China has once again demonstrated its growing prowess in space exploration, successfully landing its Chang’e 6 spacecraft in the South Pole-Aitken Basin on the far side of the Moon.
This marks the fourth time China has landed a spacecraft on the Moon, and it is the country’s most ambitious lunar mission to date.
The Chang’e 6 mission, which touched down on Saturday evening (US time), aims to collect lunar samples over a 48-hour period. Utilizing both a drill to gather subsurface material and a robotic arm to collect regolith from the surface, the autonomous spacecraft is set to bring these samples back to Earth.
The return flight is expected to commence on Monday evening (US time), marking the first time samples will be returned from the Moon’s far side.
China’s lunar exploration program has been characterized by its methodical and incremental approach. The Chang’e 3 mission in December 2013 saw China successfully land a rover on the Moon’s near side.
Five years later, the country launched the Queqiao 1 relay spacecraft and the Chang’e 4 mission, making China the first country to land on the Moon’s far side, which lacks direct line-of-sight communication with Earth.

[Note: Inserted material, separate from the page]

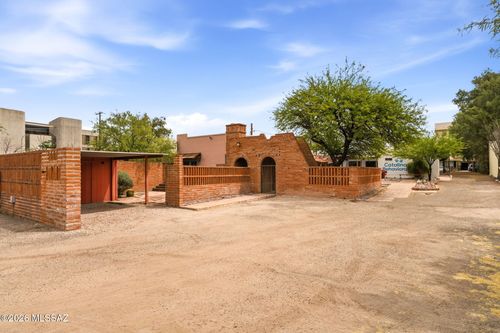 376 S Stone Avenue, Tucson, AZ, 85701 | Card Image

In December 2020, China achieved another milestone with the Chang’e 5 mission, which landed on the Moon’s near side and returned 1.7 kilograms of lunar dust and rocks to Earth.

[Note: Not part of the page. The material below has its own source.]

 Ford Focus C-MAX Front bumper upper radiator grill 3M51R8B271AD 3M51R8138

This accomplishment placed China alongside the United States and the Soviet Union as the only nations to have returned lunar samples.
The Chang’e 6 mission builds on these successes, combining elements of previous lunar spacecraft to explore the less-studied far side of the Moon.

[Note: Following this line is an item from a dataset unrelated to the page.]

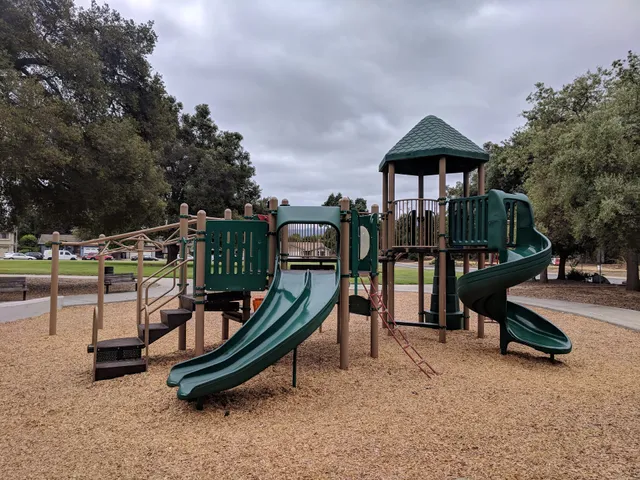 Thousand Oaks Park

Future missions are expected to focus on the lunar south pole, paving the way for potential human landings.
China has set its sights on an Apollo-like lunar landing, aiming to place two astronauts on the Moon by 2030.
The country also envisions constructing a “research station” at the Moon’s south pole later in the 2030s. Given China’s straightforward approach, these timelines appear achievable.
Meanwhile, NASA is spearheading its own return to the Moon through the Artemis Program, which involves a mix of government, commercial, and semi-private missions.
Originally targeting a human landing by 2026, experts now predict a more realistic timeframe of 2028 to 2032. NASA’s strategy, though more complex, emphasizes sustainability through reusable rockets and spacecraft, and in-space refueling.
“The most dominant space storyline for the rest of this decade is how this ‘race’ plays out,” said Greg Autry, the director of space leadership at Arizona State University’s Thunderbird School of Global Management. “Both in terms of whether China’s space program or NASA reaches the Moon first, and which nation has a more sustainable program.”
While China’s approach benefits from its simplicity, experts like Autry believe the United States’ combination of commercial and government partnerships offers a stronger long-term strategy.
“China’s human spaceflight program has been slow,” noted Autry, co-author of Red Moon Rising on the US-China space race. “SpaceX has flown more people to space in the last four years than China has since their program’s first flight over 20 years ago.
America has better technology and a better and more diverse collection of launch vehicles and dozens of companies working on solutions to the bottlenecks we face in landers and spacesuits.”
As China and the United States vie for lunar dominance, the world watches to see not just who will set foot on the Moon next, but who will establish a sustainable presence there. For China, emulating NASA’s Apollo Program achievements may suffice. For NASA, it would be a policy failure to fall behind.